Before the carriers merged in October 2008, Northwest flight attendants were unionized, while Delta flight attendants were not and were paid more.
The plaintiffs, five Delta flight attendants who once worked at Northwest, said Delta paid them and their Northwest colleagues less because of their past union membership.
In his decision, Schlitz said the balance of harms weighed in favor of ruling now for Delta, even if the former Northwest flight attendants were ultimately to win.

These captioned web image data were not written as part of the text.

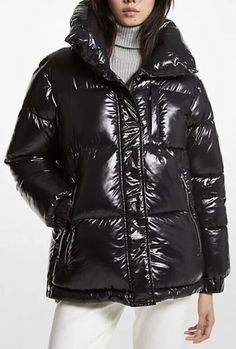 Stay cozy and stylish with this Michael Kors Women's Puffer Jacket in a glossy black color. The jacket features a hood, long sleeves, and a zip closure. It is made of high-quality microfiber fabric with a nylon lining and down insulation material to keep you warm in the winter season. Perfect for travel, casual wear, or business, this mid-length coat has a regular fit and comes in size L. The jacket's accents include a Michael Kors logo and a zipper. Its solid pattern and outdoor theme make it a versatile addition to your wardrobe. Get your hands on this new jacket without tags and step out in style. Black Ski Jacket, Black Down, Puffer Jacket Women, Puffy Jacket, Black Bottoms, Padded Jacket, Ski Jacket, Puffer Coat, Jacket Style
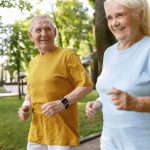 Senior man and woman jogging together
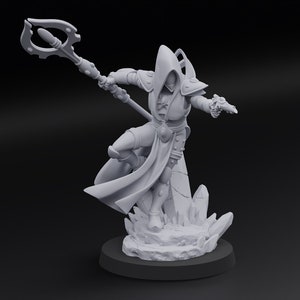 May include: A gray figurine of a robed figure with a staff, poised in a dynamic stance. The figure is on a rocky base, with a dark circular base. The figure is wearing a hooded cloak and armor.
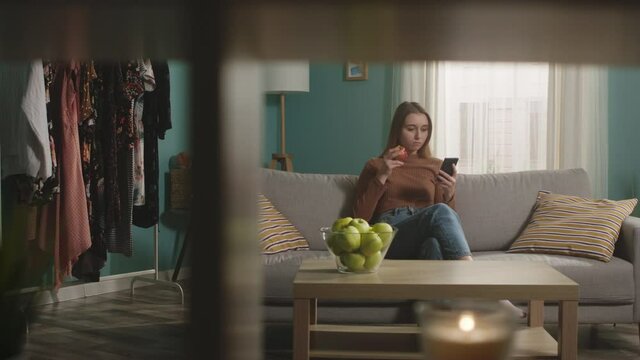 Young woman in blue jeans and brown sweater sits on beige sofa on window background, bit red apple and choked. Trying to cough. On table is glass jar with green apples. Camera dollies horizontally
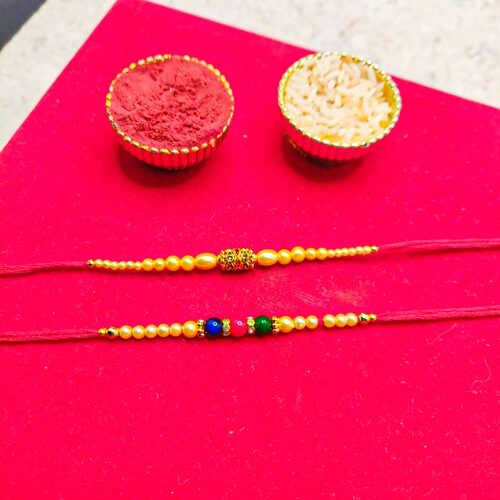 Buy Beads Rakhi Pair Set
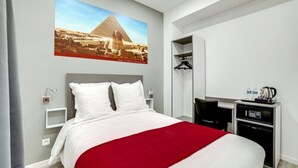 A hotel room with a large bed, a desk with a coffee machine, and a wall-mounted TV. - Paris hôtel (Clichy)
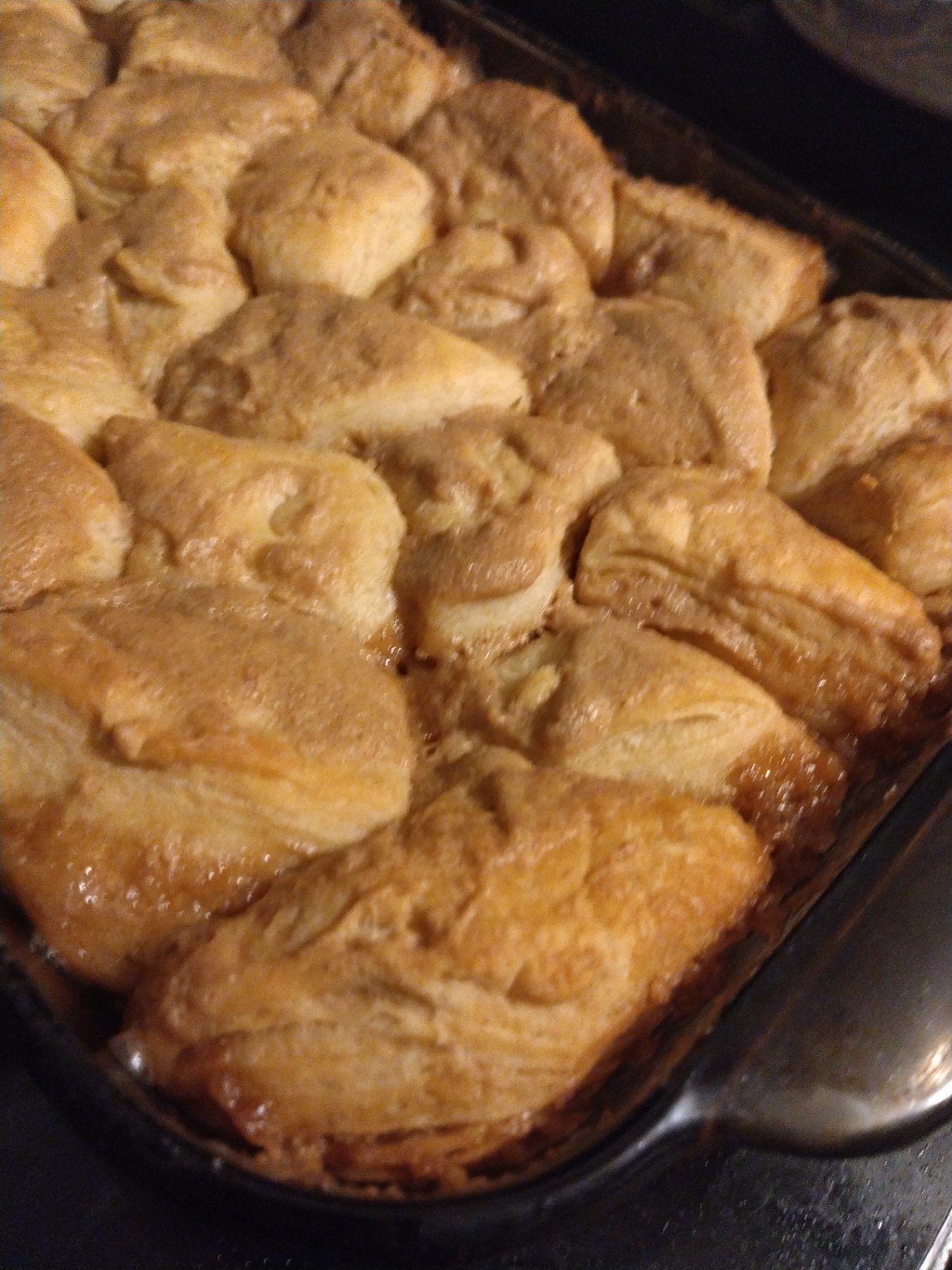 Golden baked pull-apart rolls in a glass baking dish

If the court were to order Delta to grant pay raises and a larger profit-sharing distribution to plaintiffs, and Delta were later to prevail in this litigation, Delta would be unlikely to be able to recoup its losses, he wrote.
Moreover, the judge added, any attempt by Delta to recoup its losses would likely have a more destabilizing effect than would delaying any monetary recovery to which plaintiffs eventually prove themselves entitled.
Schlitz added that the former Northwest flight attendants' broader interest in protecting their right to unionize is being addressed by a federal mediation board.
The combined airline is based in Atlanta and is the second-largest U.S. carrier, after United Continental Holdings Inc
In late afternoon trading, Delta shares were down 41 cents, or 5.1 percent, to $7.59.
The case is McMahon et al v. Delta Air Lines Inc, U.S. District Court, District of Minnesota, No. 11-00521.